» **ASSIGNED TASK**
Among the following entries, say how many lines contain the word "Argus"; the answer is a number and nothing else.

(Scraped caption text data)

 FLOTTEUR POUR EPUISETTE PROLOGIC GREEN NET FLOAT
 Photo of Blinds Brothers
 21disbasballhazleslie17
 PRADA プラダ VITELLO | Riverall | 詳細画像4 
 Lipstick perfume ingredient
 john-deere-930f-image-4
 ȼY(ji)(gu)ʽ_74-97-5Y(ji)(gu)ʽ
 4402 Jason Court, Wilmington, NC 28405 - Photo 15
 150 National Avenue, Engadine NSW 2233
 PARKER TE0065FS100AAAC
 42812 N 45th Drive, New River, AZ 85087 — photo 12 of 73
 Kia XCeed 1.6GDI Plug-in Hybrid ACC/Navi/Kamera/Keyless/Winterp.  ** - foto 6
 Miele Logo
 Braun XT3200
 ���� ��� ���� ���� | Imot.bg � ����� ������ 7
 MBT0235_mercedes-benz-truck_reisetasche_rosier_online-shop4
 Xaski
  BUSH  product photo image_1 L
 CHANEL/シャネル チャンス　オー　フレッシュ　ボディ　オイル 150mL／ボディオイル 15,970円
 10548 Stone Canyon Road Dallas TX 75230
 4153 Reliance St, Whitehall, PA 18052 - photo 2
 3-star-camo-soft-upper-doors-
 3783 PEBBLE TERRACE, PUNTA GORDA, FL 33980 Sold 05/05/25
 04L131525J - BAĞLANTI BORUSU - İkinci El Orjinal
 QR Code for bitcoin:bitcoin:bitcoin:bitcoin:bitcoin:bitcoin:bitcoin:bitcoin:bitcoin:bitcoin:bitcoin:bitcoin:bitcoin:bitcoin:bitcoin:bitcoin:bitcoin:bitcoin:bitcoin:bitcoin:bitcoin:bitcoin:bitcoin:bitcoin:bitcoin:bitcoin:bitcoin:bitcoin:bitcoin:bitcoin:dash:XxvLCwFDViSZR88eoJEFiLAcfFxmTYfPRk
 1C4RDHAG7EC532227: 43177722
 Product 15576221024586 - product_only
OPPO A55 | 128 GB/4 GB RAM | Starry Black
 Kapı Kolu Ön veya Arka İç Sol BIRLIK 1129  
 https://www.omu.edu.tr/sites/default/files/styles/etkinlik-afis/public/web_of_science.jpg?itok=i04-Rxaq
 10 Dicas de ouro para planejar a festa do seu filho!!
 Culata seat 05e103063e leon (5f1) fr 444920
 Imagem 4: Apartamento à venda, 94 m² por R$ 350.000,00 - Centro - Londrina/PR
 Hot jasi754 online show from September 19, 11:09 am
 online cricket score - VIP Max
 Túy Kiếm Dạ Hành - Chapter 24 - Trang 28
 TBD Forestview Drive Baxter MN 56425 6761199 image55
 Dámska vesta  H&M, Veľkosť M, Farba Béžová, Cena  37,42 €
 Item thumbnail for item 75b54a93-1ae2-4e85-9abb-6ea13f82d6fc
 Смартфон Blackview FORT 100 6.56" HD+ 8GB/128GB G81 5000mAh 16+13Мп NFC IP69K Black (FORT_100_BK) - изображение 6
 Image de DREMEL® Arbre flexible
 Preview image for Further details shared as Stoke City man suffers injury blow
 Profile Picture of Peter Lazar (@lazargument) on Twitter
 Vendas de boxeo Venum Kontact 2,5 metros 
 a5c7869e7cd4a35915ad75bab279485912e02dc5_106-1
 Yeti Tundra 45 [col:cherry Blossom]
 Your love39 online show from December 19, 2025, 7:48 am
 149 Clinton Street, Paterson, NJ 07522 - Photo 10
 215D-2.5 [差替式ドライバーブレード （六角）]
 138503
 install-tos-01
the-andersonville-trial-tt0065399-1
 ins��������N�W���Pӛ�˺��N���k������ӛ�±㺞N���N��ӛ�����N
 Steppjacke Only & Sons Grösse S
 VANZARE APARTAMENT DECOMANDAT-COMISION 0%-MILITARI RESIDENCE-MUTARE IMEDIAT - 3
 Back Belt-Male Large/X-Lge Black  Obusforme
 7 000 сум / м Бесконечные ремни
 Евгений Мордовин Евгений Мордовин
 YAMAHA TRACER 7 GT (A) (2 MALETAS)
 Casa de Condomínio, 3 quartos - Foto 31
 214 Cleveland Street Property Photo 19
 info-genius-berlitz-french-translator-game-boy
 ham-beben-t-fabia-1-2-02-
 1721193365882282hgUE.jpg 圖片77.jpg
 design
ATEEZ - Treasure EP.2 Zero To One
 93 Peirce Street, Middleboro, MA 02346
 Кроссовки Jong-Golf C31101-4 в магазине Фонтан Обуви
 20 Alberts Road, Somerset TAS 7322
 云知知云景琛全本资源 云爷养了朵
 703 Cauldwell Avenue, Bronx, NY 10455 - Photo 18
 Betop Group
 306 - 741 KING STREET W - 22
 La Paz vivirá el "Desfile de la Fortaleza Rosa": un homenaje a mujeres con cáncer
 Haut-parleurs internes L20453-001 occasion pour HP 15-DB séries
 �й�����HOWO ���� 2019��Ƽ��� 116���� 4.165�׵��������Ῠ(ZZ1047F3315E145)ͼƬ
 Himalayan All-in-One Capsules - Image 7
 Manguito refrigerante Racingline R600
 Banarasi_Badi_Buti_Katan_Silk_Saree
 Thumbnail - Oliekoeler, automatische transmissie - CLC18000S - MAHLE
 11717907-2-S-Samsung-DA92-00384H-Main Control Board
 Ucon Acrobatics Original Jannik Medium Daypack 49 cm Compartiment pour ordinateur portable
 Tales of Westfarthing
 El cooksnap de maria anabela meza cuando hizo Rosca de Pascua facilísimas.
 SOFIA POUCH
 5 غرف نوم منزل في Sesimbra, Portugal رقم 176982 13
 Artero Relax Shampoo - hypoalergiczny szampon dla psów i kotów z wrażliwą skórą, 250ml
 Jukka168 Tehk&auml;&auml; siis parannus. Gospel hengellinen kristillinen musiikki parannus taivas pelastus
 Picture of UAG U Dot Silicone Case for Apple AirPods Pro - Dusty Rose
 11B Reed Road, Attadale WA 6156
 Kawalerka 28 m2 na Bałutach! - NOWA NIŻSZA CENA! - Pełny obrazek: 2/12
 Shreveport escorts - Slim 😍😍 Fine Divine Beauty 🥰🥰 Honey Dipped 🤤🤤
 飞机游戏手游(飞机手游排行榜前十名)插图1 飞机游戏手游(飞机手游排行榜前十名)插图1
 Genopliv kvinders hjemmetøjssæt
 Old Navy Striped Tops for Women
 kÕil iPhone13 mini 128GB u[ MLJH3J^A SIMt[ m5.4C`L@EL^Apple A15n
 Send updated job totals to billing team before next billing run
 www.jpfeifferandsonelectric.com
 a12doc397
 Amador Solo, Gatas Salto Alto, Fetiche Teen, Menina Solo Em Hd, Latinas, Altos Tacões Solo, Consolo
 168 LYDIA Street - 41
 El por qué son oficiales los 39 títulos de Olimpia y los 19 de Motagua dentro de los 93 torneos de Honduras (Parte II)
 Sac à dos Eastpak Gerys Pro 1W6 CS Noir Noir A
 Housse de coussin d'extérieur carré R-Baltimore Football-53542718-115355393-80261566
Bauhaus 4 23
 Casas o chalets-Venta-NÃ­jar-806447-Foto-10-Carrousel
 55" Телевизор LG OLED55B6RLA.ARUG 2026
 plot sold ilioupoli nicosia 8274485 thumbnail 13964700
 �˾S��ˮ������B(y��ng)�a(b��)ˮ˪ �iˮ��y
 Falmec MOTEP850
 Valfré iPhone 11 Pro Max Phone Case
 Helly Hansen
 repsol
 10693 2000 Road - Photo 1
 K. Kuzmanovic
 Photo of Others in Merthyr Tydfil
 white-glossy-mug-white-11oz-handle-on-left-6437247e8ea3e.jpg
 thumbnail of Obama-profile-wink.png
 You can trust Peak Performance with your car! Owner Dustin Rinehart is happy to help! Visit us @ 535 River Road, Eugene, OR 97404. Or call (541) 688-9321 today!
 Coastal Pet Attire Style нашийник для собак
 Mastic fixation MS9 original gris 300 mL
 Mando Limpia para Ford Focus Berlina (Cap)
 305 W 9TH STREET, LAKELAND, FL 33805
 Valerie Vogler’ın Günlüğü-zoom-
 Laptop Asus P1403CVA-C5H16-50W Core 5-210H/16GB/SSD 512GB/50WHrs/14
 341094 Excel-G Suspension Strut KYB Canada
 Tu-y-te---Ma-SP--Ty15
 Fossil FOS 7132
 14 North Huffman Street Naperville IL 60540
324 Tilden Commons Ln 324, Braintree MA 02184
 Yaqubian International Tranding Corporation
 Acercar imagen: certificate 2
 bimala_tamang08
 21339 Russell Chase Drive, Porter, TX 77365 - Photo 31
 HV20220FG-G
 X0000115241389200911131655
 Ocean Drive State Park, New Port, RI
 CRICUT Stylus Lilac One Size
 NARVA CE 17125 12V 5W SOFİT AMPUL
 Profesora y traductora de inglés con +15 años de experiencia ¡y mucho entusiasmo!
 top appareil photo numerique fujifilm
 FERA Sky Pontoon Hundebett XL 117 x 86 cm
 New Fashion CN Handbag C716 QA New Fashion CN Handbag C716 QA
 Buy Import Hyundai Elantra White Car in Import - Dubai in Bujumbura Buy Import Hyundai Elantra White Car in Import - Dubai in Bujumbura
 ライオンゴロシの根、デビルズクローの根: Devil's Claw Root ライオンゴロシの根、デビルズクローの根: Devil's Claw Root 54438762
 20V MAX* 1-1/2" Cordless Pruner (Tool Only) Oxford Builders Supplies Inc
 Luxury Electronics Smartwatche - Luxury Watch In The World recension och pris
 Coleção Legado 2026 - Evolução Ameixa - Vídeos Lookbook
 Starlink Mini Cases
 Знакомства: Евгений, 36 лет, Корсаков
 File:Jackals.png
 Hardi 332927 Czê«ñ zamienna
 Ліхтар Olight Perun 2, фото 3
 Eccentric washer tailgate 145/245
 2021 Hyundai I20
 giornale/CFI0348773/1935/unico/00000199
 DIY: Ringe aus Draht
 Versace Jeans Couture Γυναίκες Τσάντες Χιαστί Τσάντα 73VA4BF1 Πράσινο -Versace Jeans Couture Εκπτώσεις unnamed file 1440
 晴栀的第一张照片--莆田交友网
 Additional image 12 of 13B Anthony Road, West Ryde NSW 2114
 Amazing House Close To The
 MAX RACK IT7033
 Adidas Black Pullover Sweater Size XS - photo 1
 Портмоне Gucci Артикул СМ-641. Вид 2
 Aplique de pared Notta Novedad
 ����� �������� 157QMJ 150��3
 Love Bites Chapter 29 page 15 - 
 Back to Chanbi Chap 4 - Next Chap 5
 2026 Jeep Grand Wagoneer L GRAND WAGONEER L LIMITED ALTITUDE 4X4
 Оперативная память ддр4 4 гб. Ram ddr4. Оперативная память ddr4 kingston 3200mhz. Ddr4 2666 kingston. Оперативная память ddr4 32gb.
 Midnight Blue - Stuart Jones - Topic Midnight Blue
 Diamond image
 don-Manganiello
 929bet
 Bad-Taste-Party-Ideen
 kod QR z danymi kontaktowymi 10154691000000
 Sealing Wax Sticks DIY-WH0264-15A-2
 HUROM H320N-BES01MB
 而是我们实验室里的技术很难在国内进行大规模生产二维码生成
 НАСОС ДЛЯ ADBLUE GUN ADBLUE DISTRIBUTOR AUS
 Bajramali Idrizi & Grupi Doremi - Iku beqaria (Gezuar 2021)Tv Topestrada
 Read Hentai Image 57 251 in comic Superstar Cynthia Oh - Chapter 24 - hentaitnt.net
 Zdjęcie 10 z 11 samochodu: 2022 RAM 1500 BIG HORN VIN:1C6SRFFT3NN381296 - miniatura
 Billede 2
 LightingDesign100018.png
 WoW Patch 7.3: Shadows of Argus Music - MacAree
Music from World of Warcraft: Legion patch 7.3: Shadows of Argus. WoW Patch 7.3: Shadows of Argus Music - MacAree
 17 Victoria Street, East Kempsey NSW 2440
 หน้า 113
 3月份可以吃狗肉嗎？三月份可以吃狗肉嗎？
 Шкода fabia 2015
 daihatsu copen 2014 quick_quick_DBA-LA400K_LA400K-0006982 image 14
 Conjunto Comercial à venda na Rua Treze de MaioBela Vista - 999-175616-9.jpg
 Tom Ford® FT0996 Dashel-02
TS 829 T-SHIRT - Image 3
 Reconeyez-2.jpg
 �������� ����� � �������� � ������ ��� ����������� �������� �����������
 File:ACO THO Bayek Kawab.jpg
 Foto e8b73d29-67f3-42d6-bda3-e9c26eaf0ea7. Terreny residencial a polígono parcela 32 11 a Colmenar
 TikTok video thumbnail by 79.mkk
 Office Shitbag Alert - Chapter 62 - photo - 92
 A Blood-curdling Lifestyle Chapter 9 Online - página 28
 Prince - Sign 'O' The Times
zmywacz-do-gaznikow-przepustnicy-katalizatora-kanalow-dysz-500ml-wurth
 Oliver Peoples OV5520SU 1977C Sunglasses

» **ANSWER SPACE**
2